Any proof that can be proved using "cut" can be proved by directly
substituting the (proof) for the (proofname); this is like beta-substitution
in lambda calculus. Thus, a shorter proof of lemma6 can be directly
derived as follows:
lemma6: pf (eq (plus (plus (plus A B) C) D)
(plus A (plus B (plus C D)))) =
trans assoc_add
(trans comm_add
(trans (congr ([Z] eq (plus (plus C D) (plus A B)) (plus (plus C D) Z))
comm_add refl)
(trans (symm assoc_add)
(trans (congr ([Z] eq (plus (plus (plus C D) B) A) (plus Z A))
comm_add refl)
comm_add)))).
However, in many cases (and perhaps in this one too) the proof
will be more readable and maintainable using cut, because all
the intermedate "facts" are better documented. Also, in proof
development, sometimes it's easier to work forward proving things
you know are true (and hope are useful), instead of working backward
from things you know are useful (and hope are true).
14. Twelf Traps and pitfalls
lemma7: pf (exists [X] forall [Y] isInt Y).
theorem8: pf (isInt (const 5/8)) =
exists_e lemma7 [X]
[p1: pf (forall [Y] isInt Y)]
forall_e p1 (const 5/8).
Load lemma7 and theorem8. Theorem8 "proves" that 5/8 is an integer.
However, 5/8 is not an integer. What's wrong?
Examine lemma7. This has the form name : type .
It is not of the form name = value .
It is not of the form name : type = value .
Therefore it is not a "definition," it is a "constructor". That is,
it's a new inference rule or axiom of the logic. From this inference rule,
anything can be proved, even false:
theorem9: pf (false) =
cut (greatereq_plus1_i theorem8 p_zero (eval_gt 5/8>0))
[p1: pf (geq (const 5/8) (succ zero))]
cut (congr (geq (const 5/8)) (symm eval_plus) p1)
[p2: pf (geq (const 5/8) one)]
cut (congr2 geq (symm eval_plus) (symm eval_plus) (ord_add_closure p2))
[p3: pf (geq zero (const 3/8))]
cut (eval_gt 3/8>0)
[p4: pf (gt (const 3/8) zero)]
not_e p4 p3.
Thus we say that the axiom "exists [X] forall [Y] isInt Y" is unsound,
or more precisely, the logic formed by adding this rule to our
coreTCB logic is unsound.
Twelf does not prevent you from adding new axioms and inference rules.

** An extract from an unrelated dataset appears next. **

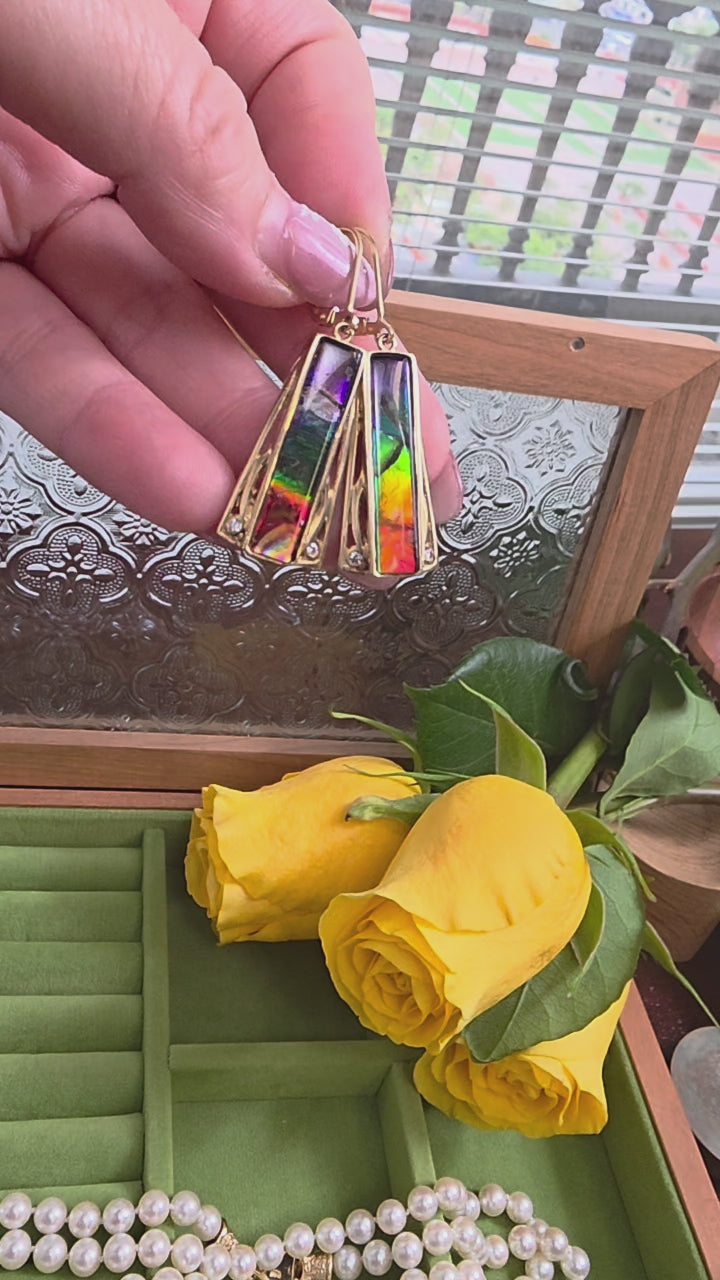 Vintage 14K Gold Rainbow Ammolite and Diamond Dangle Earrings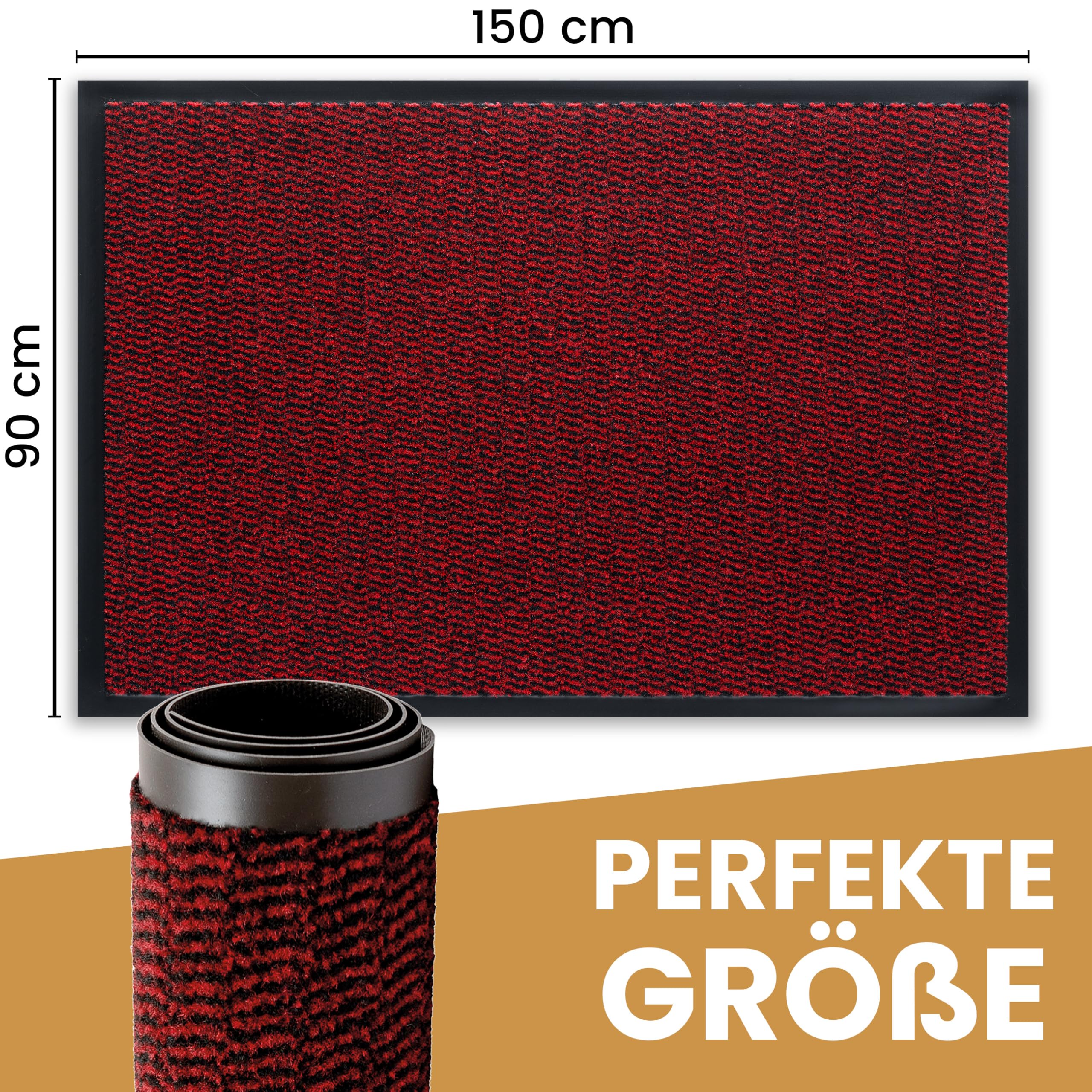 Bodenständig® Scarpe pulite grazie al tessuto assorbente (robusto), dimensioni perfette, colore rosso scuro, 90 x 150 cm, zerbino interno, zerbino interno per interni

When you are in the middle of proving some theorem, you may create
a new lemma for which you don't yet have a proof, but you're sure
it's true. In this case, you can add the lemma without proof,
just like lemma7 above. But then you should go back and prove it.
For now, use the Twelf menu to do Twelf > Server State > Reset;
this will remove the unsound axiom, and all the other axioms.
Then control-c control-c to reload the logic.
15. Object-logic definitions
To explore object-logic definitions, we will use some elementary
set theory. Let a set whose elements have type T, i.e. a "set T",
be represented as a predicate that takes T as an argument, i.e.
set: tp -> tp = [T] T arrow form.
(Load this.) Then the empty set can be defined as a predicate that
always returns false:
emptyset: tm (set T) = lam [X:tm T] false.
(Load this.) This is an object-logic predicate, i.e. it has type
"tm (T arrow form)" instead of "tm T -> tm form".
In fact, we could not possibly use a metalogic function here,
emptyset_x: tm T -> tm form = [X: tm T] false.
because this not have a type compatible with "tm (set T)".
We will define "subset" as a two-argument object-logic predicate,
i.e. "subset @ A @ B" when every member of A is also a member of B:
subset : tm (set T arrow set T arrow form) =
lam2[A][B] forall [V] A @ V imp B @ V.
By the way, lam2[A][B]... means the same as lam[A] lam[B] ...
Similarly for lam3[A][B][C], lam4, lam5, etc.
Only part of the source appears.